Burying the Poems

Poet W.S. Merwin wrote, “On the last day of the world I would plant a tree.”

Why does that always astonish me? I don’t know.

April 22 was Earth Day. But every day is Earth Day. Don’t you wish that everyone
would have their heart seared by the realization that the Earth is helpless?

Someone strips a forest, wants to mine a wonder of a wilderness and we can only say, “No.” They don’t listen. And the tree next to the tree being dropped can’t fight to prevent the clear cut, only stand there in line, next. And the wilderness can’t defend itself, can’t even build a wall to keep out the ones who have no value for the ineffable, the wondrous, the soulful, that which profoundly nourishes each of us, the helplessly real.
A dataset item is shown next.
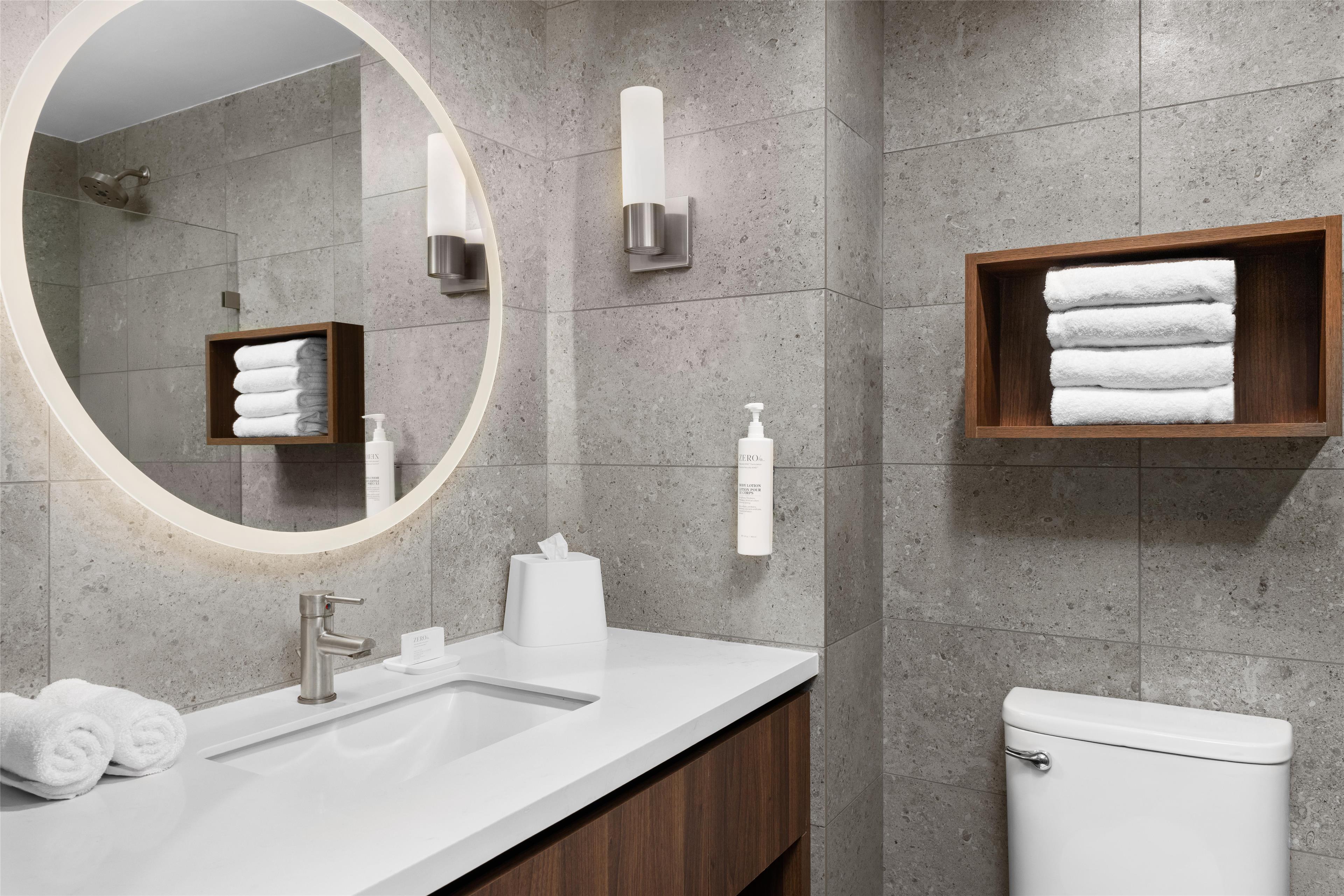 Studio King Size Bed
And we need bees. Years ago a neighbor treated me as worse-than-worthless
for planting flowers. “What the hell are you doing, wasting time with flowers!?!”

He grew only vegetables, so many that he threw more than half away. Today he
would have a hard time bringing about a row of zucchini. I never
replied to his criticism. It was useless: I was a wuss of an “aesthete.” Had I
suggested the need and health of bees, he would have sneered, “Bees schmees.
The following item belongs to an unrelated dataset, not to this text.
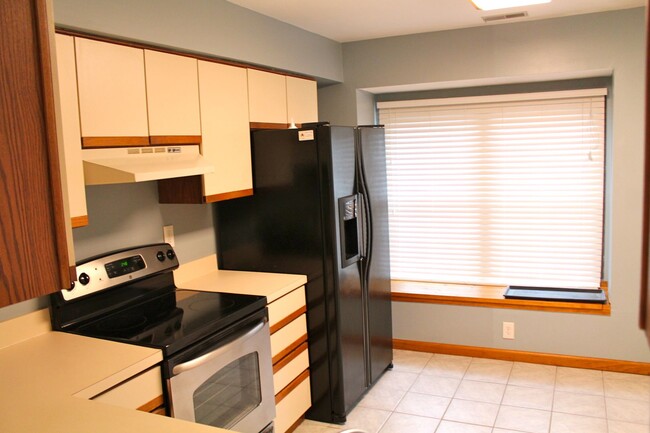 Building Photo - 2BR/2.5BA Townhouse in Great Neck!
Wherever he now is, I hope he has learned that we need bees, that they too
are helpless, defenseless, that they too can’t put up a fight.

Each day is THE EARTH’S DAY. We visit.

Burying the Poems

The night is still, the leaves calm
as a corpse when the words tell me,
“Be like the poet Alexander Kutzenov.

Bury your poems.” He sealed them
in glass jars like the finest currant jam,
laid them down into the earth and covered

their graves with leaves. I will do the same.
Slender light from the crawl of worms
will slide through the glass, lie between

the lines, along language’s slow syntax.
The dreaming earth with its lost souls
of slug and beetle, ephemeral scat of cat

and dog, drifting scent of nosing possum,
raccoon, and deer will mulch the poems’
quiet stay, the rhythms alkaline, the meanings

dormant in their disfigured corms. Moles
will come, nuzzle each jar. Voles will spin
like dervishes around the lids. Winter will

bring the hard frost tightening the ground.
Then following the breakage of spring and
the blisters of summer, the fall will raise

no harvest. Nothing there. Nothing to be there.
Only the jars under the lost dark green of leaves.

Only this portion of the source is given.